Assume all matrix games are 2 person zero-sum games. This gives us uniqueness of player 1 NE payoffs and therefore a notion of game 'value'.
Suppose we have a matrix game $M$ and we want to find its NE strategies and value. This is maybe extraneous but the probability is 1 that there is a unique NE strategy profile for $M$. Also assume that all matrix entries are $\in [-1, 1]$
If we knew $M$ exactly we could just solve it using linear programming. However there is a catch. We don't know the entries of $M$ exactly, instead each 'round' we observe an entry which consists of sampling from a PDF whose mean is the entry's value. At the end of each round, we have a matrix $M_t$ whose entries are the means of the observations. (If an entry has not been observed set it to 0, or we could also assume that all entries are observed at least once. Also it seems to me that we should consider more than just the means, but bear with me.) At each $M_t$ we can solve it and get a (a.s.) unique NES profile and value. Our goal is then to get the calculated value/strategies as close to reality as possible. Note the incredibly vague phrasing, as its not clear to me which objective is the most worthwhile.

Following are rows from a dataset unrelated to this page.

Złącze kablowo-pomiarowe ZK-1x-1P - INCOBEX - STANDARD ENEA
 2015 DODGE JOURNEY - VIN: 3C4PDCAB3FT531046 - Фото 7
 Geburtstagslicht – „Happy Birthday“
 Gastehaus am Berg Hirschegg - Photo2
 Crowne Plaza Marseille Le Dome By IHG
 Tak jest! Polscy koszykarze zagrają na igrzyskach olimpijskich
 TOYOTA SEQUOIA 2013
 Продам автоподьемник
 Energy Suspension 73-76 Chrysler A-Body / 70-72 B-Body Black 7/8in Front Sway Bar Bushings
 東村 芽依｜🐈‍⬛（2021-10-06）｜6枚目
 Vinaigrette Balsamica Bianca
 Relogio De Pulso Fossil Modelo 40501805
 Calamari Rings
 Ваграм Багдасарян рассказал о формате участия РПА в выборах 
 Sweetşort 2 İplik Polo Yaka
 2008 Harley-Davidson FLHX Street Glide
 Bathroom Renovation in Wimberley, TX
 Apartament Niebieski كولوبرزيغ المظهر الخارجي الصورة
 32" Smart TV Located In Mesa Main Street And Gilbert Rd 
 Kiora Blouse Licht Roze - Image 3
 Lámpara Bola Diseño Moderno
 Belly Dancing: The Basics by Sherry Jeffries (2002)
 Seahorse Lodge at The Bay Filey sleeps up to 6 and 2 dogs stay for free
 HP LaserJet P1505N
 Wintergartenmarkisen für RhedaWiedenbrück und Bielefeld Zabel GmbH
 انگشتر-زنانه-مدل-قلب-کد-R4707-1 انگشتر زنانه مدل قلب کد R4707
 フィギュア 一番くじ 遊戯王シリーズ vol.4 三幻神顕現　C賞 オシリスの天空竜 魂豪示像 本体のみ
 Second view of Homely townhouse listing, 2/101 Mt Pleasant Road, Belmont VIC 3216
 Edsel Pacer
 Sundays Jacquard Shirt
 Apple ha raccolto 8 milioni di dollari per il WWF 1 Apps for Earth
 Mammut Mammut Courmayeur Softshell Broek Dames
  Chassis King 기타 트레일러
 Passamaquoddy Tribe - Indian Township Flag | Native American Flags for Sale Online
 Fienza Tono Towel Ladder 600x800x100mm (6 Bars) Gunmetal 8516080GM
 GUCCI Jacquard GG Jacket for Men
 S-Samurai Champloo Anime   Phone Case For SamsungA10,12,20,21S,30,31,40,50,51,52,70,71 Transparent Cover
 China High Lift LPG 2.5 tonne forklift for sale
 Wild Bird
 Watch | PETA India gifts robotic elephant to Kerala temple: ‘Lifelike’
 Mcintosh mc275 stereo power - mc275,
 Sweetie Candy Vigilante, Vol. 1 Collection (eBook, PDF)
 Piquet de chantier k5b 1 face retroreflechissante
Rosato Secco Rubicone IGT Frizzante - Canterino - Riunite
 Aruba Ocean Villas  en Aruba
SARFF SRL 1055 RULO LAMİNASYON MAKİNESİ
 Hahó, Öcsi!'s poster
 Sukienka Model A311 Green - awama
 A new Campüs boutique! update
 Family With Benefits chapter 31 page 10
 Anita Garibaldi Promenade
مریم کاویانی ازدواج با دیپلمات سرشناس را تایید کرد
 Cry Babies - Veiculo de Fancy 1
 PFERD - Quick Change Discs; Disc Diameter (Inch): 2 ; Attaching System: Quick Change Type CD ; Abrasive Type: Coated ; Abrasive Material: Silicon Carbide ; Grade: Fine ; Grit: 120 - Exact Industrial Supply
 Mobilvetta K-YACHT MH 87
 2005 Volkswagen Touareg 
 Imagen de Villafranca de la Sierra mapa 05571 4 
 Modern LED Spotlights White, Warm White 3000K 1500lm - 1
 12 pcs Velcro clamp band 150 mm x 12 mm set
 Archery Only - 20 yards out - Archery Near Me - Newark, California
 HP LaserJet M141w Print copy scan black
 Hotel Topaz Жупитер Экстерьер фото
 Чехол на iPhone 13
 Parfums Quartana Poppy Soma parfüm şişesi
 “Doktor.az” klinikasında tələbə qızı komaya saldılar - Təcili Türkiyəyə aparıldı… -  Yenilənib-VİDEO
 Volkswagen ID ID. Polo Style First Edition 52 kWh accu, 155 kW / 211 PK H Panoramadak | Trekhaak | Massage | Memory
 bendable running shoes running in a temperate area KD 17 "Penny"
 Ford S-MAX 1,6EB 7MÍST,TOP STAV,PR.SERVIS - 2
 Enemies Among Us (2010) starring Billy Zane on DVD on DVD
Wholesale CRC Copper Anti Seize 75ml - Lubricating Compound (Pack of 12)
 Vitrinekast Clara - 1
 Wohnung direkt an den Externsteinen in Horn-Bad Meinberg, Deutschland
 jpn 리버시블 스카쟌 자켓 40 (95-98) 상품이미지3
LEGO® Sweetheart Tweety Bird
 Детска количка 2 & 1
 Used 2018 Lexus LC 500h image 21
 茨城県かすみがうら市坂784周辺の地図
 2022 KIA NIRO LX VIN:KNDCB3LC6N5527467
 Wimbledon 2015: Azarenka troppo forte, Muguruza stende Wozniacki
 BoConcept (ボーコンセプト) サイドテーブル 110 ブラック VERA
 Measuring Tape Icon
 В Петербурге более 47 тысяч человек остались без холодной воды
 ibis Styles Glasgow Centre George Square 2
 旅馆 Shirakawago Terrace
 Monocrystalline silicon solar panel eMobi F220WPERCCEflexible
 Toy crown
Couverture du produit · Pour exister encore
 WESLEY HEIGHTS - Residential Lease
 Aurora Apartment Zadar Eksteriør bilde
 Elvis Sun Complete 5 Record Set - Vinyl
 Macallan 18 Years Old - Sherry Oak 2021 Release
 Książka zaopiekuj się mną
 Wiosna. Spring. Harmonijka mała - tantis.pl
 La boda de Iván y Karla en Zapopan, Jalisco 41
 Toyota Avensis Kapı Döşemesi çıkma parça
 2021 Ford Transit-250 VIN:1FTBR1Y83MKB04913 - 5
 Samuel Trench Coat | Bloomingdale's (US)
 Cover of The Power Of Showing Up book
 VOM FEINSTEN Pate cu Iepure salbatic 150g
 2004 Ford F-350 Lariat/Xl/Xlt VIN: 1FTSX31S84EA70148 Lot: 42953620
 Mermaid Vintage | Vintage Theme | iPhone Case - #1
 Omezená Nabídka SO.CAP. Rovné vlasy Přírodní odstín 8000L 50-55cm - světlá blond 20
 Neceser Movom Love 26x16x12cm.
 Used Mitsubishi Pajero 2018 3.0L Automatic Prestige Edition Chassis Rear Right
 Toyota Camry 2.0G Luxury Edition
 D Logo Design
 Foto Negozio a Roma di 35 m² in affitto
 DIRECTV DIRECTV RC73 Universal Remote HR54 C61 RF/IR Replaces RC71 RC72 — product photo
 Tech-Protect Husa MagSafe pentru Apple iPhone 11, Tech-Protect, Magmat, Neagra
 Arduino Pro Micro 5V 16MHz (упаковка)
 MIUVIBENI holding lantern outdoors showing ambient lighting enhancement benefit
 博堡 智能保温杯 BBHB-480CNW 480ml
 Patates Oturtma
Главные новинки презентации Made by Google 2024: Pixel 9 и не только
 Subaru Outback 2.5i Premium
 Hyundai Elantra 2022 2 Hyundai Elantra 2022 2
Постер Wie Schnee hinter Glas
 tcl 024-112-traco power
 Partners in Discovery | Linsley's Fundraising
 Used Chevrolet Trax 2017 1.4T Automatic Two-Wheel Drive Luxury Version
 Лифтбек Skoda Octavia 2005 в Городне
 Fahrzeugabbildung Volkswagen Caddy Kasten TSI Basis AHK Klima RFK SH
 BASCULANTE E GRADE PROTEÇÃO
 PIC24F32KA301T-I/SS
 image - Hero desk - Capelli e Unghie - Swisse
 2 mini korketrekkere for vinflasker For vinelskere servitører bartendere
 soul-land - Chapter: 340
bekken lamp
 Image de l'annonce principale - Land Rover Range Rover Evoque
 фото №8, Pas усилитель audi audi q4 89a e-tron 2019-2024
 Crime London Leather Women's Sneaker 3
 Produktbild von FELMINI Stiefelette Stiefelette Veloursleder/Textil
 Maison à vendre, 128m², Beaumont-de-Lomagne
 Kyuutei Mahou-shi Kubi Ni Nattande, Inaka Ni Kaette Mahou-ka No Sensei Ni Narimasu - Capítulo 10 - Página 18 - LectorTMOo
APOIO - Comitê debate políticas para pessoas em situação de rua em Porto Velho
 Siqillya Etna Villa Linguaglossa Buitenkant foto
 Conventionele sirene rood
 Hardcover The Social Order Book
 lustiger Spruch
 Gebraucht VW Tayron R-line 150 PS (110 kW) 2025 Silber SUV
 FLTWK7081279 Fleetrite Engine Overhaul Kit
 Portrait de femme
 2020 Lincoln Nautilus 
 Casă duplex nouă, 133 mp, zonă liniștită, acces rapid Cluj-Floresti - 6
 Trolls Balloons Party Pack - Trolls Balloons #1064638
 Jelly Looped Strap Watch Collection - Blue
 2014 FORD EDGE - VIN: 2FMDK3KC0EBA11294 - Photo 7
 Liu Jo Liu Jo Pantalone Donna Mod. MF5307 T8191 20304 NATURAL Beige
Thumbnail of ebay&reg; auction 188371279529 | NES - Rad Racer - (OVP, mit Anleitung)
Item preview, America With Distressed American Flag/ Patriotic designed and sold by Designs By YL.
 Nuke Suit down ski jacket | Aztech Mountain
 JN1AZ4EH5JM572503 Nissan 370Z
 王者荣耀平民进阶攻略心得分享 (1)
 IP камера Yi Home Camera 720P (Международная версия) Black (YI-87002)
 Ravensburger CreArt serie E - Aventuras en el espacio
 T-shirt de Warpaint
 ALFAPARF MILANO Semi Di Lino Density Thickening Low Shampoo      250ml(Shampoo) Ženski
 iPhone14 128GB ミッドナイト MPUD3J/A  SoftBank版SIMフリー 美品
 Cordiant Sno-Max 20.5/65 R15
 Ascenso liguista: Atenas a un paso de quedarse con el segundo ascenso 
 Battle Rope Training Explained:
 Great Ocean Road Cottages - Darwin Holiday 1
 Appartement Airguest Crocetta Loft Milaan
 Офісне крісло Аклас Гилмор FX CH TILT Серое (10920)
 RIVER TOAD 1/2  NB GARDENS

It seems to me that for any matrix, some entries matter to the NE strategies and value more, in the sense that variations in the value will induce greater changes in NES/game value. Some entries will have a gradient in this sense, but not others. For example, if $M$ has a unique pure NE then only the entry corresponding to that NE will have a non-zero gradient.
So there's kind of a notion of gradient with respect to variance, and there's also the variance that we can observe as the rounds pass. I think a good idea is to choose at each round using this information.
This is a request for thoughts and references. I can't find anything like this on arxiv.